When \(\sigma\) is unknown and \(n\) is small, the Student's \(t\) distribution replaces \(Z\).

Common Z-Based Pivotal Quantities¶

Sample Mean (Known sigma)¶

\[ Z = \frac{\bar{X} - \mu}{\sigma / \sqrt{n}} \sim N(0, 1) \]

Confidence interval:

\[ \bar{X} \pm z_{\alpha/2} \cdot \frac{\sigma}{\sqrt{n}} \]

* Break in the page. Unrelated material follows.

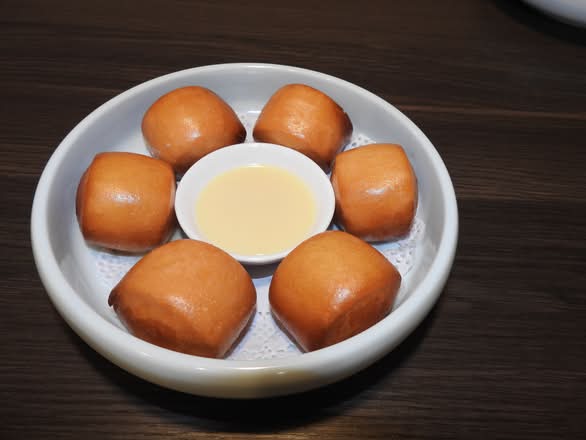 Deep Fried Chinese Milk Dough (黄金小馒头)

Sample Proportion (Large n)¶

\[ Z = \frac{\hat{p} - p}{\sqrt{p(1-p)/n}} \approx N(0, 1) \]

Confidence interval:

\[ \hat{p} \pm z_{\alpha/2} \cdot \sqrt{\frac{\hat{p}(1-\hat{p})}{n}} \]

Difference of Two Means (Known sigma_1, sigma_2)¶

\[ Z = \frac{(\bar{X}_1 - \bar{X}_2) - (\mu_1 - \mu_2)}{\sqrt{\sigma_1^2/n_1 + \sigma_2^2/n_2}} \sim N(0, 1) \]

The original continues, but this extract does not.